You might remember that in October that that white savior charter conspiracy, incidentally just yesterday served with a lawsuit seeking to enforce the California Public Records Act, known as The Accelerated Schools went and violated the Brown Act by requiring members of the public to sign in as a condition of attending their abortive board meeting, which was cut short by then-president Juli Quinn, acting impulsively in a fit of petulant rage at the insubordination1 of the audience.

Requiring people to sign in is forbidden by the Brown Act at § 54953.3 And you might also remember that one of the remedies for violations provided by the act2 is that a member of the public write to the violators requesting an unconditional commitment never in the future to violate the law in that particular manner.3 If they capitulate in the specified manner then there are extra consequences if they break their promise later. And if they don’t capitulate I get to sue them.
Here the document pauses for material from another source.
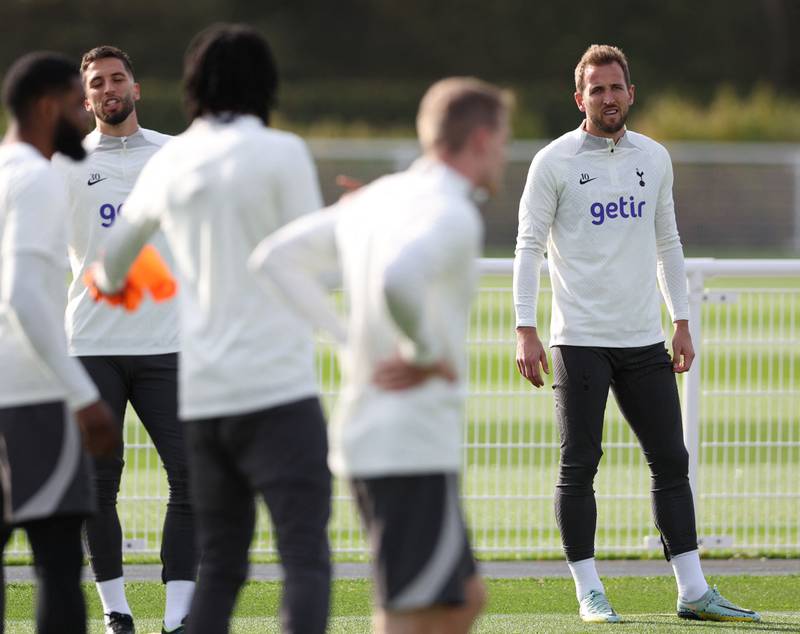 Spurs striker Harry Kane at the club's training ground in North London ahead of the match against Marseille in France. AFP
And finally, maybe you remember that last year I was sending a lot of these demand letters to business improvement districts. Priorities and lack of capacity forced me to lay that project aside for a while4 but it turns out, fortunately, that I have the resources to hold the tender toesies of some of these egregiously violating charter schools to the proverbial-ish flames, and thus, if you’re wondering, is the subject of this evening’s post this very letter right here, sent this very day to The Accelerated Schools, demanding that they stop with their nonsensical sign-in requirements. Now they have 30 days to give in or else!
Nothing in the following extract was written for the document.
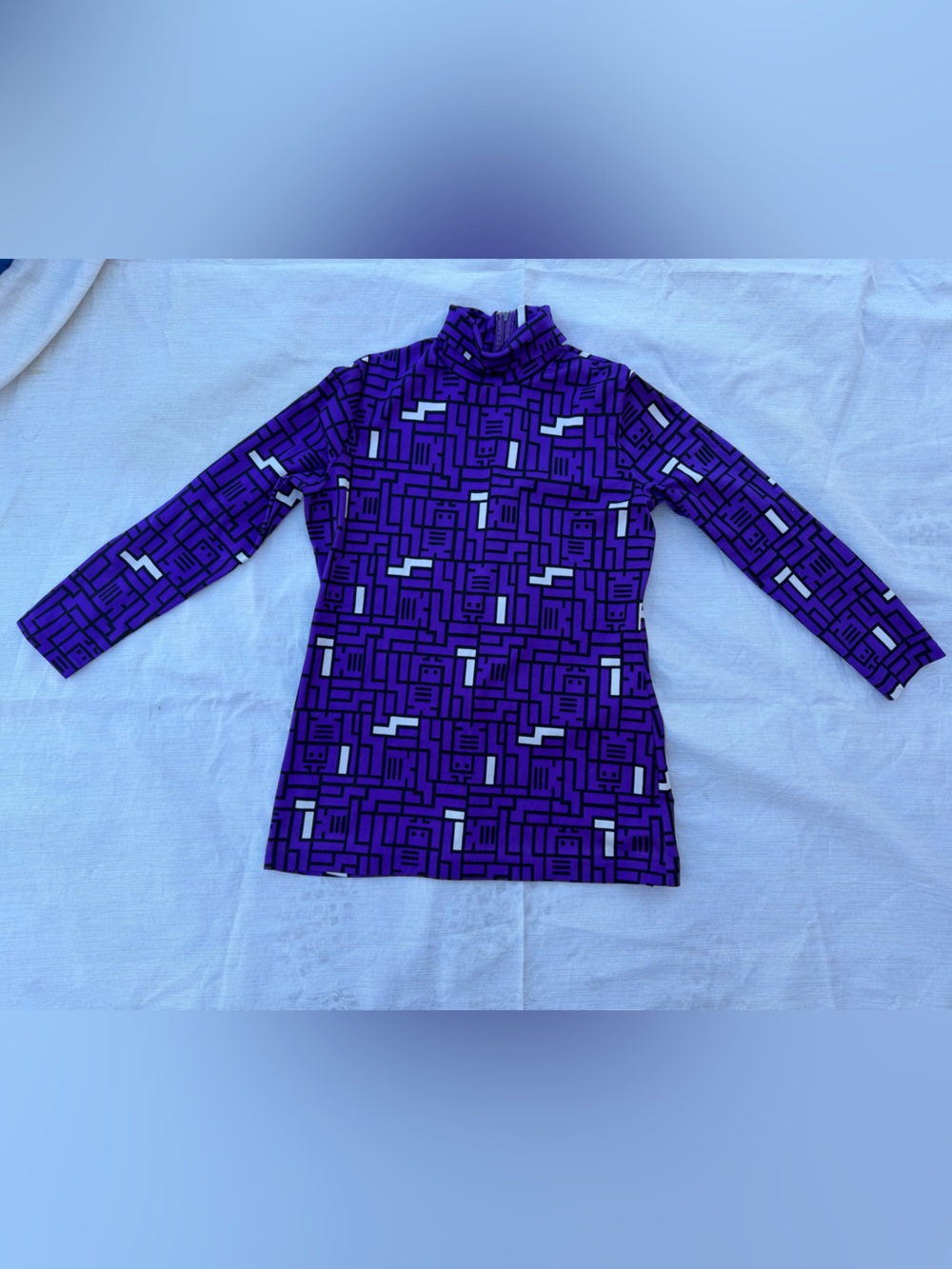 Geometric Purple Pattern Long Mod tunic top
The letter is transcribed below, but before we go there I just want to point out one important thing that was too qualitative to make it into the demand but is nevertheless really crucial. Here you can watch video of the incident which precipitated my demand. This is an employee of The Accelerated Schools telling me that I wasn’t required to sign my name to attend the meeting but rather was required to sign my name to enter the campus on which the meeting was held.
Continue reading The Latest Episode In My Newly Revived Brown Act Enforcement Project – A Demand Letter To The Accelerated Schools Insisting That They Unconditionally Commit To Cease – And Desist – And Give A Hard Pass To – And Cut It The Heck Out With – Their Completely Illegal Practice Of Requiring Members Of The Public To Sign A Damn List Before Attending Their Board Meetings – Now They Have 30 Days To Surrender Unconditionally Or Else Face A Heaping Dollop Of Judicial Wrath! – To Be Served Up – If Necessary Of Course – By My Crack Team Of Litigation Specialists!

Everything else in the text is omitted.